J. Brian Mudd, 69; Botanist, Air Pollution Expert

J. Brian Mudd, 69, botanist and expert in air pollution research. A leading researcher in plant lipid biochemistry, including movement of pollutants into plant cells, Mudd retired in 1993 as head of the University of California’s Air Pollution Research Center on the Riverside campus. Born in Darlington, England, Mudd earned degrees at Cambridge in England, the University of Alberta in Canada and the University of Wisconsin. He joined the UC Riverside faculty in 1961, teaching biochemistry and doing research in the newly formed Air Pollution Research Center. Mudd left the university during the 1980s to work as group leader at the Arco Plant Cell Research Institute and as vice president of the Plant Cell Research Institute in Dublin, Calif. In his retirement years, Mudd had continued his research into reactions of ozone with components of plant cell membranes. On Wednesday in Riverside of kidney disease.

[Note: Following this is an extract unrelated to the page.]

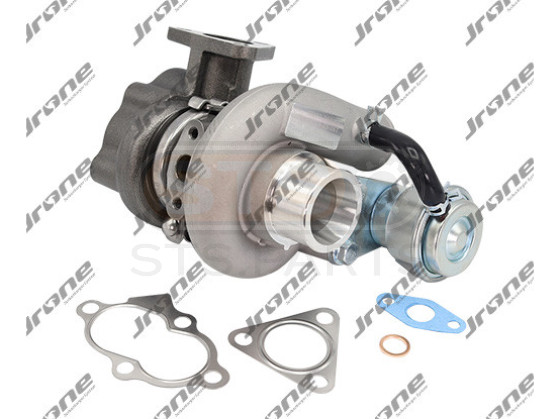 Turbocompresseur (turbo voiture)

Sydney Julian Rosenberg; Philanthropist, Arts Patron

Sydney Julian Rosenberg, 84, philanthropist and arts patron who formerly headed his family’s ABM Industries Inc. A native of San Francisco, Rosenberg played football for Stanford, where he and his brother, Theodore, later endowed the Sydney and Theodore Rosenberg Stanford University Athletic Hall of Fame. He attended Harvard Business School before joining ABM in Los Angeles in the late 1930s. In his career at the firm founded by his father in 1909, he served as chairman, president and chief executive officer and at his retirement became chairman emeritus. Known for his philanthropy to children’s support organizations, including Childhelp USA, Rosenberg was especially active in the Jewish Big Brothers Assn. of Los Angeles. He served as president, trustee and chairman of its Camp Max Straus Foundation and in 1993 became the organization’s first recipient of the Lifetime Achievement Award. Rosenberg was a life trustee of Claremont McKenna College, advisor to the UCLA Center on Aging, board member of the Japan America Society, a governor of the Los Angeles County Music Center and major supporter of the Museum of Contemporary Art and the Los Angeles County Museum of Art. He was also a partner in the San Francisco Giants baseball team. On Nov. 1 in Newport Beach in an automobile accident.